While filming the 1963 episode "Lucy and Viv Put In A Shower", in which the leading ladies attempted to install a shower stall (but become trapped inside, unable to shut the water off), Ball nearly drowned while performing in the tank of water. She was unable to bring herself back to the surface, and it was Vance who realized there was a problem and pulled her co-star to safety; Vance went on to ad lib until Ball could catch her breath to resume speaking her lines (all the while, cameras continued to film). Neither the film crew nor the live studio audience realized there was a problem.

In her autobiography Love Lucy, Lucy talks of this episode:

...I found I had no room to manoeuvre. I couldn't get back to the surface again. What's more I swallowed a lot of water and was actually drowning right there in front of three hundred people who were splitting their sides laughing. Vivian (Vance), realising in cold terror what had happened, never changed expression. She reached down, pulled me safely to the surface by the roots of my hair and then calmly spoke both sides of our dialogue, putting my lines in the form of questions. Whatta girl! And whatta night.

An episode from the 1966-67 season called "Lucy Flies to London" served as the basis for a standalone one-hour special called Lucy in London, which featured Ball with guest stars Anthony Newley and the Dave Clark Five. Much of the "Lucy Flies to London" episode, which centered around Lucy’s lack of experience in air travel, was based on an unsold pilot written and shot in 1960.

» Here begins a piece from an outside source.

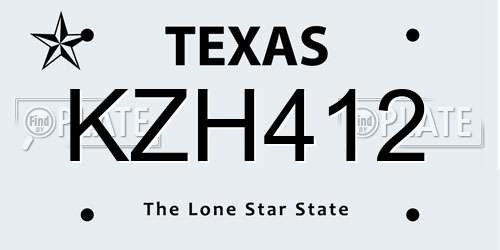KZH412 Texas License Plate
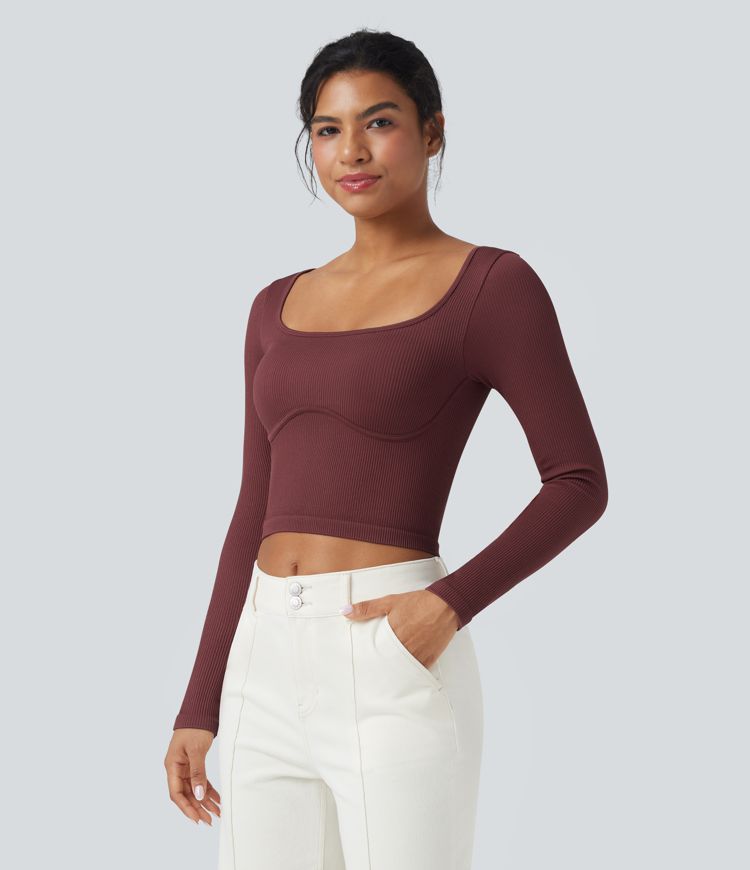 Haut de sport yoga col U à manches longues sans couture OneForm Seamless Flow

The two special episodes to feature Ethel Merman ("Lucy Teaches Ethel Merman to Sing" and "Ethel Merman and the Boy Scout Show") were originally just one episode, "Lucy Teaches Ethel Merman to Sing". According to Geoffrey Mark Fidelman, author of The Lucy Book, this installment was a consolation prize to Merman after her Desilu-produced pilot, Maggie Brown, was rejected as a regular series by CBS. The plot was much as it remains today with Lucy and Viv trying to pass off Agnes Schmidlap as Ethel Merman, not knowing that it really is Ethel Merman, and Lucy attempts to teach her how to sing. In the original version, Lucy's voice lesson scene with Merman (which was lifted from the previous season's episode "Lucy's Barbershop Quartet" in which Hans Conreid was the instructor and Lucy the pupil) was much shorter than it is today and that episode ended with the Boy Scout show, with Jerry Carmichael hosting, Sherman Bagley dancing, and Lucy joining Viv for a brand new version of Merman's great hit "Anything You Can Do, I Can Do Better". But then, Desilu Productions thought that maybe too much had been crammed into one half hour and since Ball and Vance (who both were great friends of Merman) were having such a marvelous time working with the legendary Broadway belter, they decided to expand it into two episodes, thereby taking advantage of Merman's formidable talents. So, a second filming was scheduled. In Part 1, Ethel was to be the houseguest of Lucy and Viv for a few weeks, and then in Part 2, a full blown episode was created that included scenes of Lucy once again, trying to get into the act. An all new Boy Scout Show was filmed also, with Jerry once again hosting, Sherman dancing, and Lucy, Viv, and Ethel, this time joined by Mr. Mooney, singing and dancing through a history of show business.